Il faut par ailleurs identifier un lien entre affect et valeurs. Si l’on prend à nouveau l’exemple de la peur, on voit qu’elle peut être indicatrice d’une valeur qui nous importe, la sécurité. Elle peut également nous mener à en écarter d’autres, la liberté, notamment, pour faire écho au contexte de la pandémie. Nous serions menés dans un contexte spécifique à donner priorité à une valeur sur une ou plusieurs autres. Il y a donc bien une relation significative entre affect et valeurs, au même titre que, comme vu précédemment, il y a un rapport fort entre affect et réflexivité. Si nous définissons la valeur en un sens large comme « ce à quoi nous tenons », nous devons prendre en compte ces valeurs qui nous importent en tant qu’individu et collectivité, afin de les maintenir en acte et, lorsqu’elles sont écartées en situation ou risquent de l’être, de réfléchir sur la suite et la place réelle que l’on veut leur attribuer.
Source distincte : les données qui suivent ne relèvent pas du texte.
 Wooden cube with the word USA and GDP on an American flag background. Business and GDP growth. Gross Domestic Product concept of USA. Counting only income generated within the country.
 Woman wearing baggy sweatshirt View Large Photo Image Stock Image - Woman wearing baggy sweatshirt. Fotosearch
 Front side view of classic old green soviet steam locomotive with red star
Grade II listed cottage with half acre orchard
C’est ici sans doute que prennent toute leur importance les vertus du courage et de la prudence. Pour ce qui est de la première, la personne est prête à mettre son statut, sa réputation, voire son intégrité physique en jeu pour interpeller autrui autour d’une idée, d’une décision ou d’une action avec laquelle elle est en désaccord lorsqu’elle estime important de l’affirmer au nom de valeurs supérieures. Pour la seconde, la personne entreprend de se confronter à une situation singulière qui pose problème. Elle mobilise sa capacité de délibération afin de décider des moyens à mettre en œuvre pour viser une fin et un bien pour elle-même et pour les autres, mais aussi afin de penser la tension entre différentes valeurs en situation (Gutknecht, 2020, pp. 47-64). L’une comme l’autre implique une maîtrise de soi et un agir. Surtout, dans une démocratie, ce sont les citoyens qui doivent être prêts à s’engager dans l’exercice du courage et de la prudence, et être capables de le faire. Par l’exercice même de ces vertus, ils démontrent leur attachement envers la société dont ils font partie, tout en cherchant à penser et infléchir son fonctionnement et son évolution.
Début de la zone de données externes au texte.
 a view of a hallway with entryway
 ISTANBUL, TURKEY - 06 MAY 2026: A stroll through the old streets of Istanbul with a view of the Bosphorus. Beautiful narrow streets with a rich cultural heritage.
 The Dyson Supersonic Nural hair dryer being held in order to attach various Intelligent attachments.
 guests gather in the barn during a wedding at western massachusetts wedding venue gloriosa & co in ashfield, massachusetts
III De la démocratie, du commun et des points inaudibles

La question de la démocratie et de sa capacité à répondre aux enjeux posés par la pandémie de Covid-19 est également fréquemment soulevée. Vaut-elle réellement mieux qu’un système autoritaire dans sa capacité à réagir à un événement d’une telle ampleur ? La place du citoyen doit-elle être repensée, impliquant une autre répartition de l’espace et du temps politiques ? Une démocratie a-t-elle à fonctionner à partir de l’idée centrale d’expérimentation au sein de dispositifs citoyens et locaux, lesquels doivent également mener à réfléchir sur des enjeux globaux de société ? Autant de questions déjà présentes mais qui se sont amplifiées par le contexte de la pandémie et qui nous indiquent l’importance qu’il y a à prendre au sérieux les exigences de la démocratie. Autrement dit, nous n’aurions pas accordé à cette dernière suffisamment de considération, ce qui nous oblige à nous déterminer sur notre désir de démocratie et donc, forcément, sur ce que nous entendons par cette dernière.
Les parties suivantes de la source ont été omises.